In short, academics now have to deal with the same pressures and realities as the rest of us – which include being accountable for the money that they spend.
Universities are funded from the public purse, through student fees and by research grants from various public and private sources. There is a clear moral and practical obligation to account for how these funds are spent. Yet all too often universities – perhaps misled by the myth of the unworldly academic – fail to provide their staff with the tools they need to make the job easy.
In these cases, accountabilitiy is delegated to clerks and finance departments – but since they are not the ones spending the money, they are not in a good position to explain that spending. This is a recipe for confusion and inaccuracy. It’s also wasteful – having a dedicated finance person in every department and research unit is very inefficient.
There is an alternative. For any organisation, the optimal situation is one where there is transparency and accountability at the level of the cost centre manager, whether that’s a department head, research group leader, or individual academic.
Of course biochemists and sociologists and historians and astrophysicists are not accountants, and they shouldn’t have to be – but if the right tools and systems are available, nobody needs an accountancy degree to assume basic responsibility for their spending.
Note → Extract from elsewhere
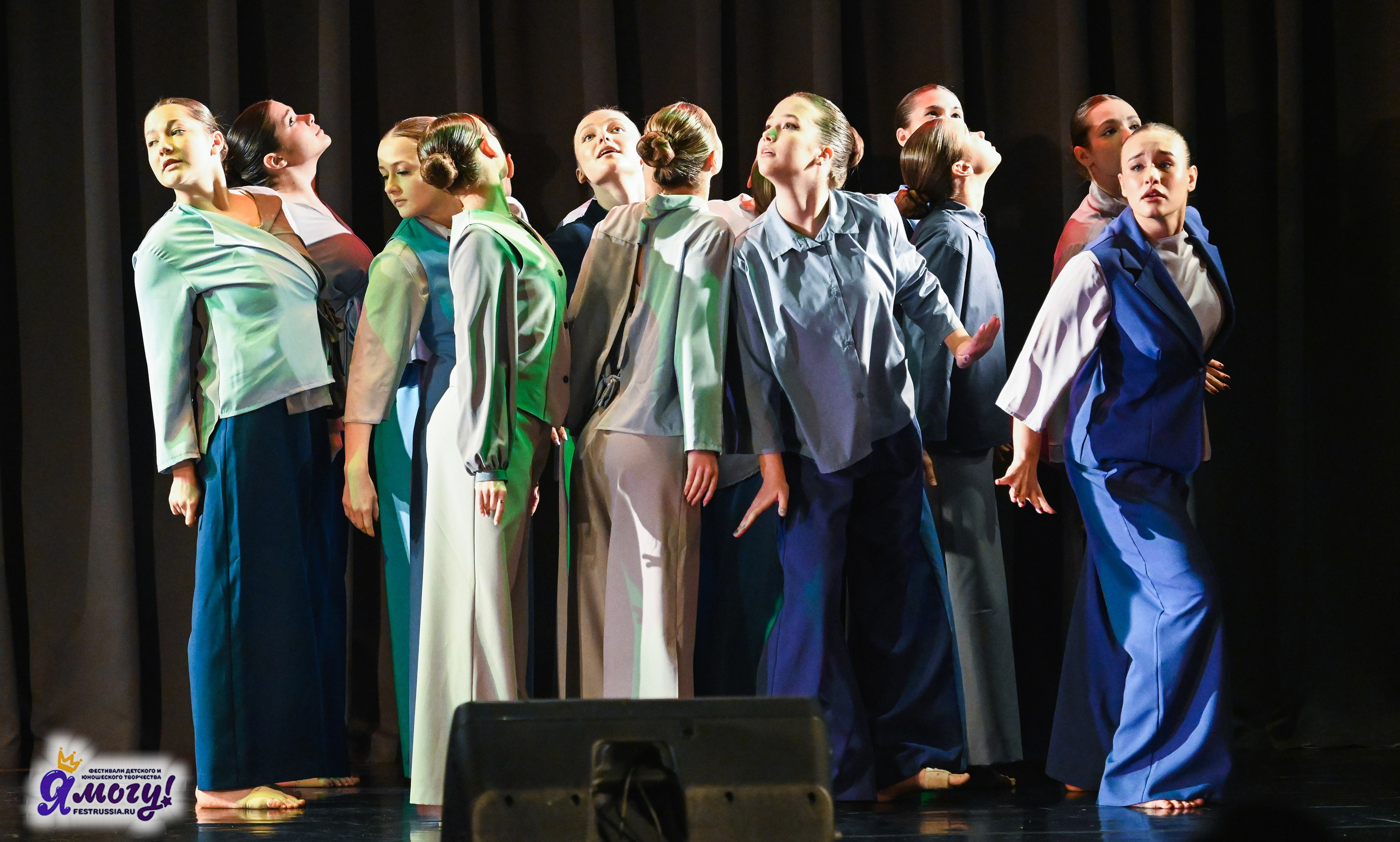 27.12.2025 «Я МОГУ!» 87-й Международный фестиваль-конкурс «Вдохновение.Зима» г. Санкт-Петербург. Медиастудия Фото Концепт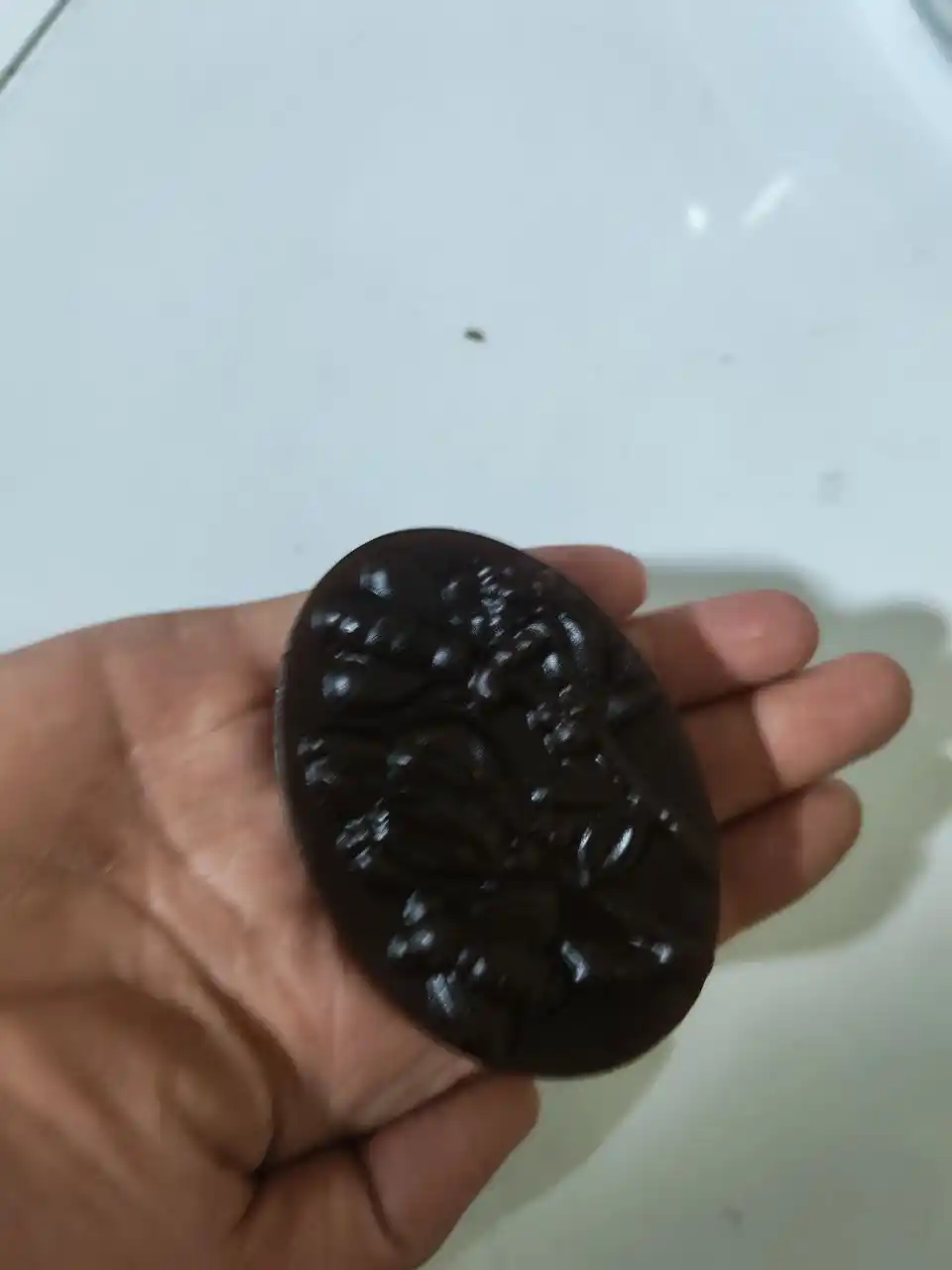 Sidra qo‘shilgan sovun, sidra barglari bilan sovun, sidra qo‘shilgan o‘simlikli sovun, 80 g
At the local universities which are getting it right, academics prepare and submit budgets and then account for how those budgets are spent, just like everyone else in the world. It doesn’t even need spreadsheets – there are web-based systems that read directly from core financial systems so that information is always up to date and accurate. This doesn’t seem to have any negative effect on anybody’s ability to do their job – quite the opposite, in fact. Having to confront the realities of limited funding can help to make people more creative as they find ways to do more with less.
The rewards of success are a faster, more transparent budget process, better financial management, greater ownership of the process, smoother allocation of funds – and more money available for the core business of teaching and research. ❐
Author: Kevin Phillips CA(SA)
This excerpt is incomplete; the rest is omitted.